Because the benchmark is a blend of three different repo rates, SOFR swaps could now be used to hedge or exploit repo market moves – and swaps traders will need to be more aware of potential feedback between the markets.

“It’s an interesting trade that highlights the potential of SOFR and the new possibilities it brings, but also shows some idiosyncratic aspects of that reference rate that might be a little hard to understand for non-experts and end-users,” says a US swaps trader at one dealer.

A New York-based rates trader at a large asset manager concurs: “Some people are going to want to bet on the repo market, and there’s certainly an opportunity for them to get involved.”

The first of the two trades – a non-cleared, off-platform swap – was executed on March 18 with a fixed rate of 3.05%. That is around 50 basis points higher than most of the 116 swaps that have been executed since the first transaction last July. It is set to go live on March 29 and expire three days later on April 1, covering a period in which SOFR is expected to rise due to quarter-end funding pressures.

The trade is also by far the largest SOFR swap executed to date in notional terms. At the point it traded, the fledgling market had only seen a total of $18.4 billion in volume, according to data published by the International Swaps and Derivatives Association. But while it was a very large transaction by notional, the asset manager says it was “minuscule” in risk terms, with a DV01 of only $5,000, the change in valuation per basis-point move in the benchmark.

Nevertheless, should SOFR climb at the end of the quarter, like it did on December 31, it could make the trader – which market participants believe was a hedge fund either speculating or hedging rising quarter-end repo costs – a decent profit. SOFR is currently trading at 247bp, according to data published by the Federal Reserve Bank of New York.

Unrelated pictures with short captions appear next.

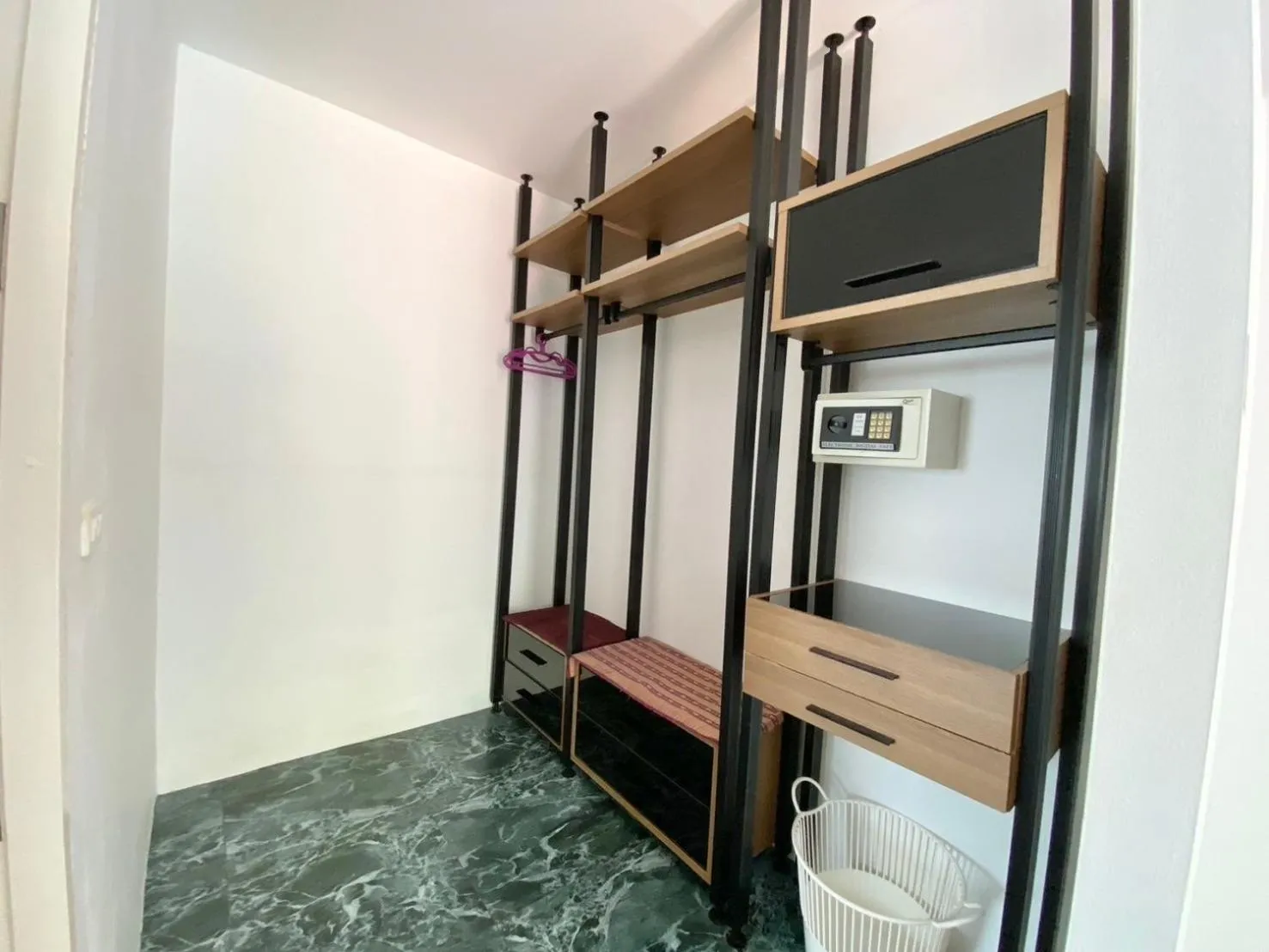 wardrobe, Bed in Chalong - 10 BR Private Pool Villa - Villa Nap Dau - Phuket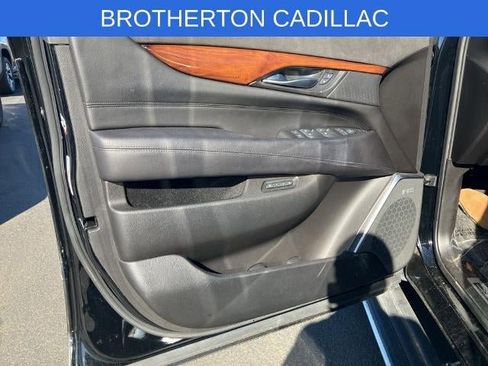 Used 2016 Cadillac Escalade ESV Premium AWD/4WD image 9
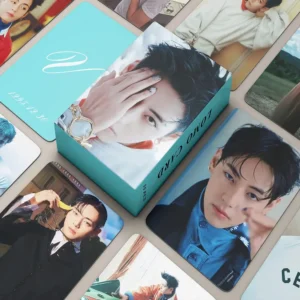 BTS V MAGAZINE Taehyung Lomocards Photocards 55pcs/box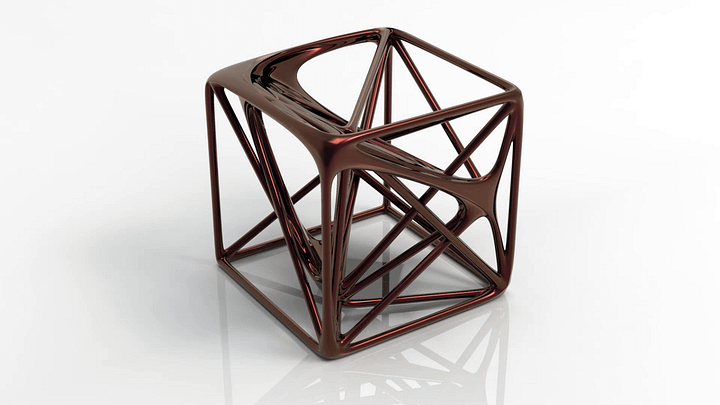 Multipipe Kangaroo Parametric Design Grasshopper Rhino Files Download product image (2)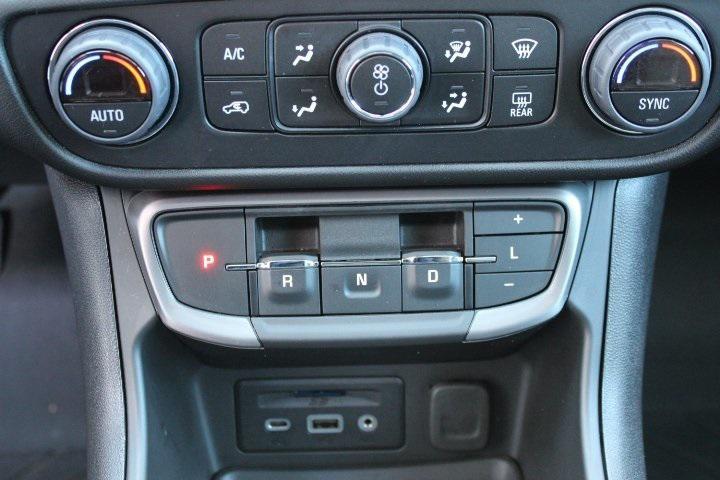 used 2024 GMC Terrain car, priced at $30,469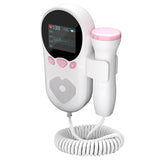 Baby Fetal Sound Heart Rate Detector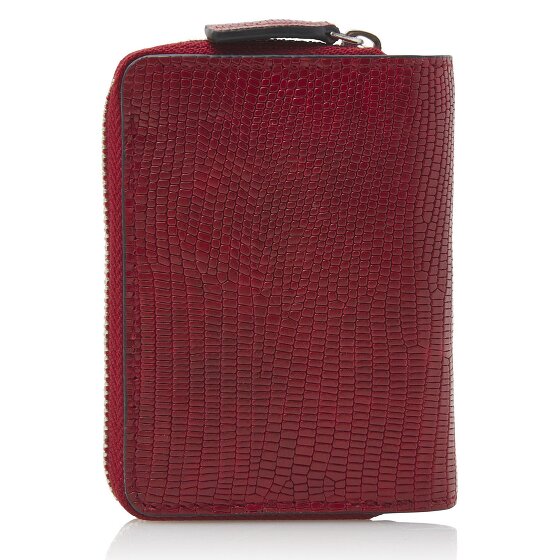 Castelijn & Beerens Donna Geldbörse RFID Leder 8 cm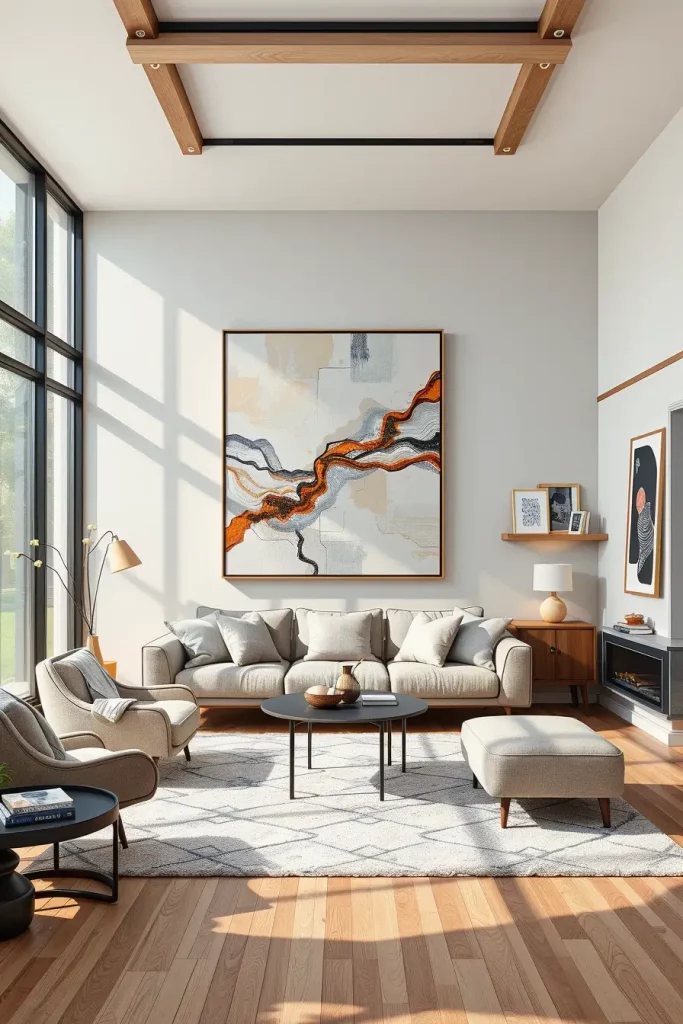 63 Inspiring Keeping Room Ideas for a Cozy and Stylish Home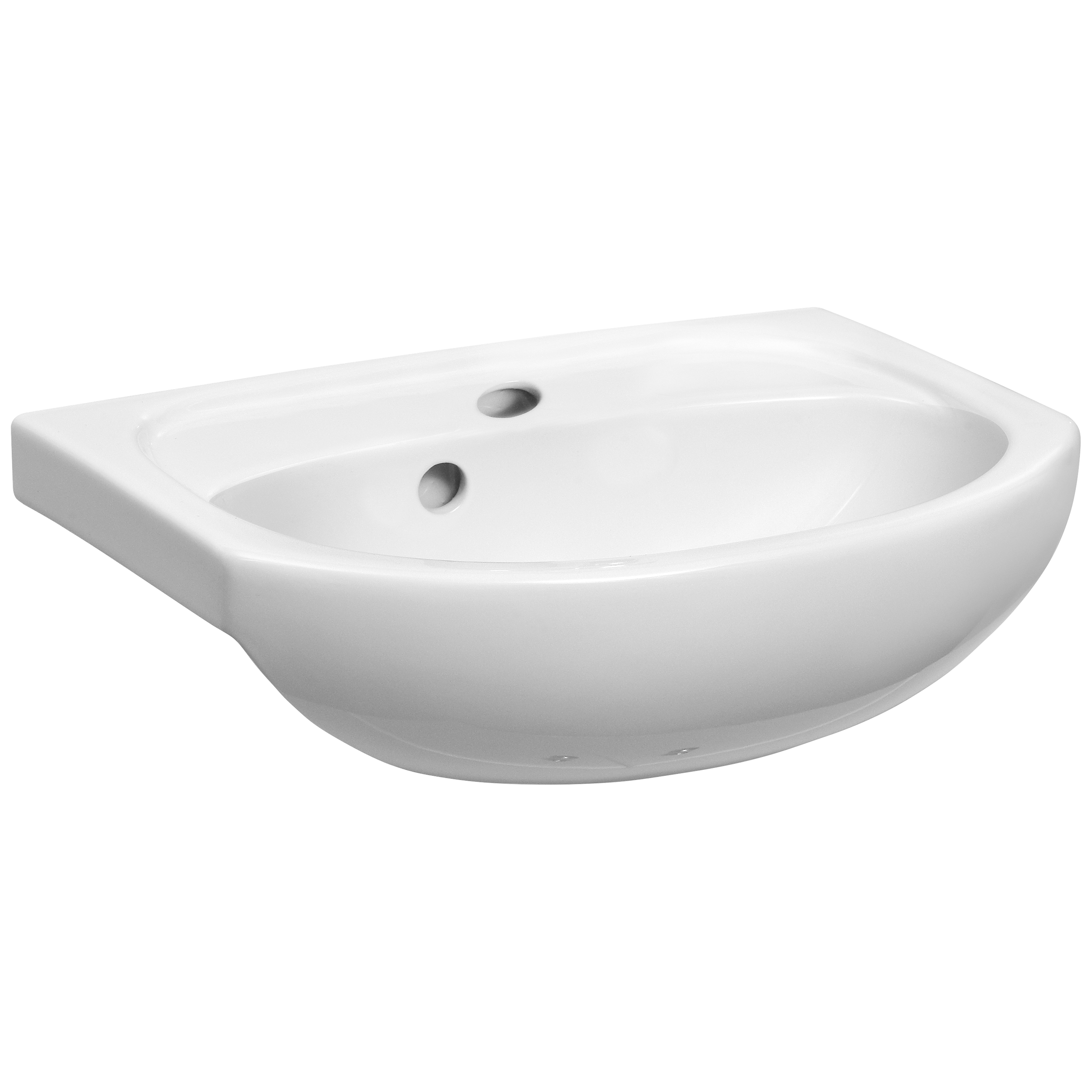 Umywalka ceramiczna Solo 40 x 33 Z/O Koło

“It’s a bet on the chance that repo spikes over quarter-end because of the various balance-sheet constraints the banks have,” says the asset manager’s rates trader.

A further $3 billion trade was recorded two days later across the same dates, at a slightly higher rate of 3.1%, which traders speculate was either the original dealer paying up to hedge its initial exposure, or its client adding to the position.

Repo rate spikes have been common at year-end since 2016, when the Federal Reserve’s risk-based capital surcharge for global systemically important banks came into force, but traders seeking to make money on those moves have so far sought to do so in the repo market itself – using repo-indexed swaps is a new trade.

US banks tend to step out of the market on the last trading day of the year, when regulators take a snapshot of their books to calculate the following year’s capital surcharge, but traders at JP Morgan took advantage at the year-end, adding $101 billion to the bank’s repo book in the fourth quarter.

The volatility has been present at quarter-ends, too. French banks have become some of the biggest players in the US repo market in recent years thanks to regional differences in the way the leverage ratio is applied.

Under European rules, banks are required only to calculate a snapshot of their leverage exposure at the end of the quarter, meaning they trade a lot of repo during those months before slashing their balance sheet in the final days of the quarter. March 29 is expected to be no different, say traders.

But this new swap trade means there are some in the swaps market beginning to understand the idiosyncrasies of the repo market, say the traders. One rates strategist says this will be important as SOFR swaps develop.

“Derivatives market participants are going to have to learn repo market dynamics, and that’s something that in the past your average swap trader wouldn’t know. Repo is its own little fiefdom in the financial world and you’re going to have to understand it better versus Libor,” he says.